(Excerpts from a dataset)
◇ ◇ ◇ ◇
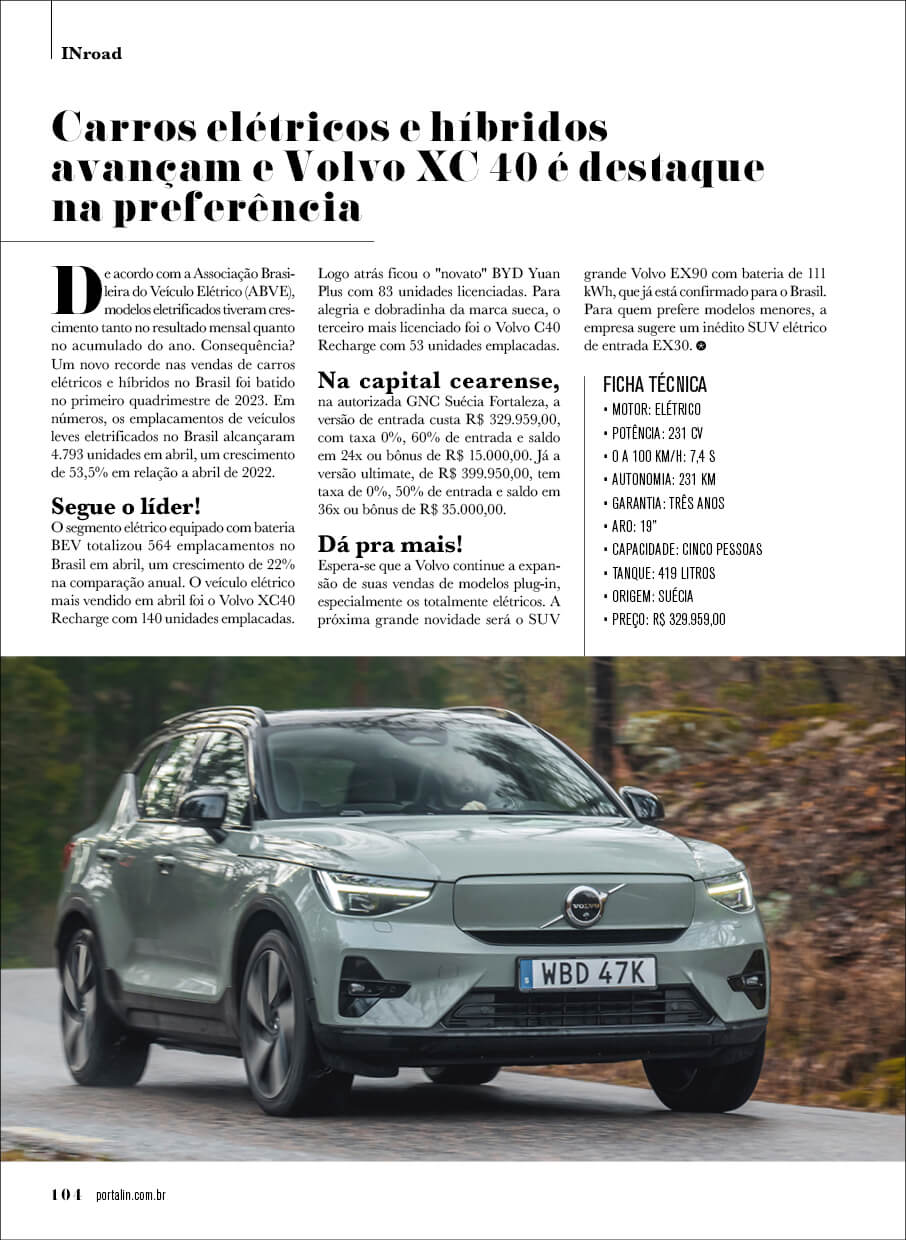 Inconnection #45 Marcos Aragão104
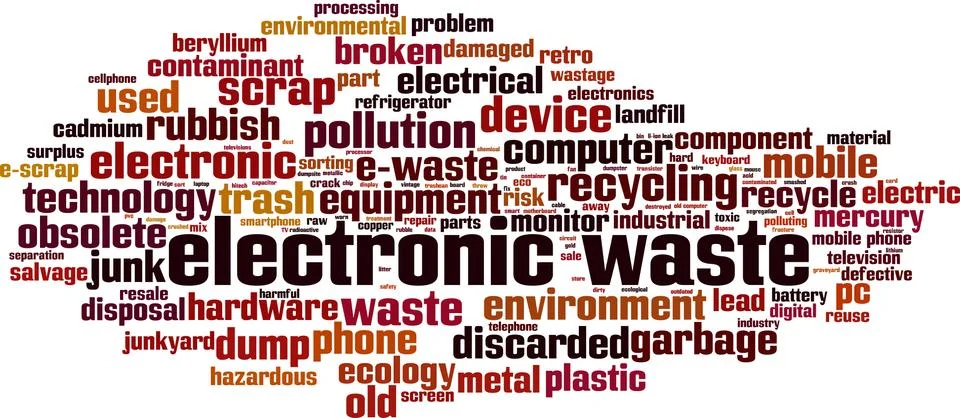 Electronic waste word cloud Illustrazione stock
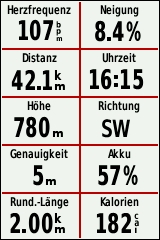 GARMIN Edge 810 Anzeige mit 10 Datenfelder
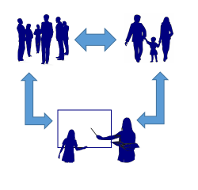 построении полноценной системы взаимодействия семьи и школы, основанной на идее общественного договора, социального партнерства.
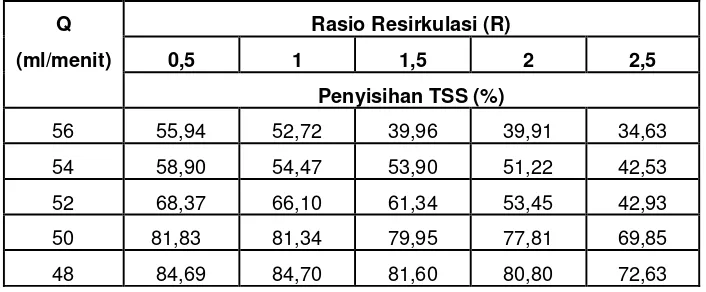 Tabel 4.2.2 Penyisihan TSS 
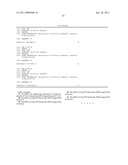 SiRNA Useful to Suppress expression of eIF-5A1 diagram and image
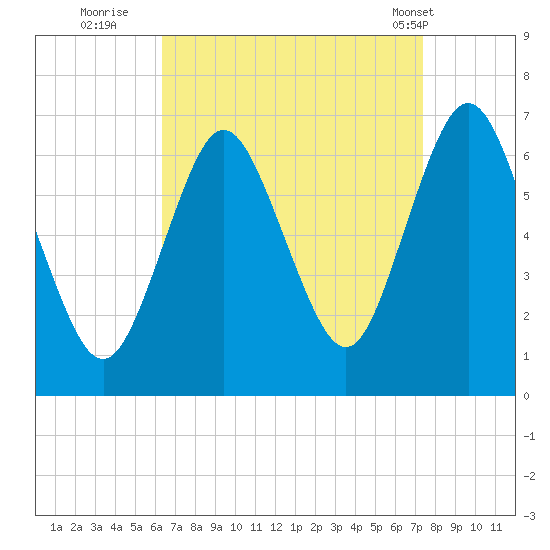 Eatons Neck Point tide chart for Friday, September 3, 2021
◇ ◇ ◇ ◇
** THE PROBLEM **
Please copy out from the data above, without any picture, exactly the lines running from the one that holds "Electronic waste word" through the one that holds "Tabel 4.2.2 Penyisihan TSS", and nothing beyond them.

** ANSWER **
 Electronic waste word cloud Illustrazione stock
 GARMIN Edge 810 Anzeige mit 10 Datenfelder
 построении полноценной системы взаимодействия семьи и школы, основанной на идее общественного договора, социального партнерства.
 Tabel 4.2.2 Penyisihan TSS 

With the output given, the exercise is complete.